Sync against one remote but copy to another

MistarMuffin · February 6, 2018, 4:58pm

I was brainstorming a way to expedite my upload to Google Drive and had the following idea. I have access to an internet connection with upload that is over 25x faster than my home connection. I would like to use rclone to determine what local data needs to be uploaded to Google Drive and then copy it to a USB hard drive instead. Then I could take the USB disk to the site with faster internet and use rclone COPY to send it to Google Drive.

Ultimately this boils down to rclone running its initial scan against one remote (Google Drive) but performing the actual copy to another remote (USB storage). If this is possible now I can’t figure it out. I am marking it as a feature request so ncw will hopefully chime in.

Thanks.

ncw · February 6, 2018, 5:03pm

You could do this with a bit of scripting I think...

First do a copy with --dry-run from local -> drive
Parse the log file to make a list of files which need to be copied
Use --files-from and this list of files to rclone copy from local -> usb
When on faster internet do rclone copy from usb -> drive (no need for the --files-from at this point)

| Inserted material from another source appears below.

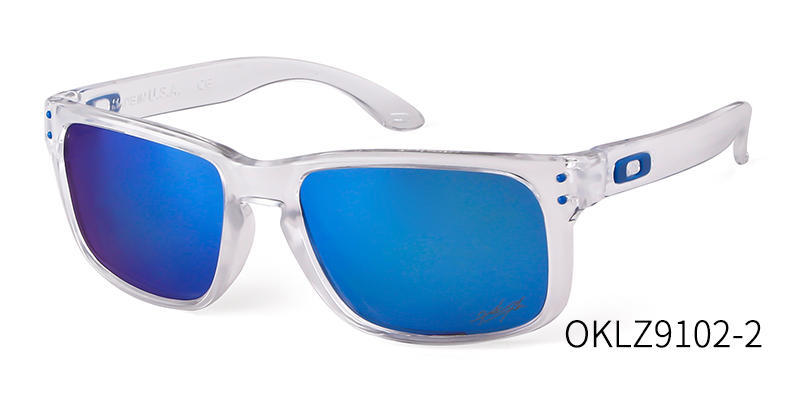 欧美o记户外运动偏光太阳镜holbrook签名vr46同款墨镜oo9102眼镜红色b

I think the only hard part is the "parse the log file" part. You could do that with grep and sed, or you could edit in an editor or 100 different ways depending on what you find easiest.

boltn · February 6, 2018, 5:41pm

Just remember that Google Drive limits your uploads to about 750GB/day

MistarMuffin · February 6, 2018, 5:42pm

I’ve been chewing over an approach like that. It’s possible but I’m just not confident enough in my own sed/grep voodoo. Could rclone have a parameter that would generate the file list for use with --files-from? That would be a lot cleaner and could be useful in a few use cases.

Thanks!

MistarMuffin · February 6, 2018, 5:45pm

I didn’t know about the limit, boltn. Thanks for the heads up.

ncw · February 6, 2018, 5:50pm

Here are the magic runes to process the log file

rclone copy --dry-run /tmp/new/ /tmp/new2 2>&1 | perl -lne 'print $1 if /NOTICE: (.*?): Not copying as --dry-run/'

Easier than writing a new mode for rclone

MistarMuffin · February 6, 2018, 5:52pm

Thanks, much easier than I could have done it. I should be able to adapt to Windows pretty easily. Don’t judge

MistarMuffin · February 6, 2018, 7:17pm

ncw,

I have different files with the same names but in different sub directories. That would mean that if any of the files that share a name is added to files-from.txt then all of the files would be copied in the subsequent jobs, right? It seems like the files-from.txt would need to include path information in order to prevent this. I don’t see a way to get paths from the dry-run output. Any ideas?

ncw · February 7, 2018, 8:40am

--files-from takes a list of paths rather than patterns so it should do what you want.

MistarMuffin · February 7, 2018, 1:43pm

I know --files-from takes paths. The part that concerns me is that our regex voodoo against the --dry-run output does not include any paths. So the resulting text file is just a list of filenames. Possible to modify the --dry-run output to include paths?

ncw · February 8, 2018, 8:55am

--files-from takes paths relative to the root. The log shows file names relative to the root, so I think it should all work out!

MistarMuffin · February 8, 2018, 2:09pm

Hmm, for whatever reason I did not see any paths when reviewing the --dry-run log output. You are correct, of course. Sorry for the confusion. I was just trying to anticipate potential problems before they arose. This is working perfectly so far. Thanks for your help!

ncw · February 8, 2018, 9:40pm

No worries!

Great and you are welcome!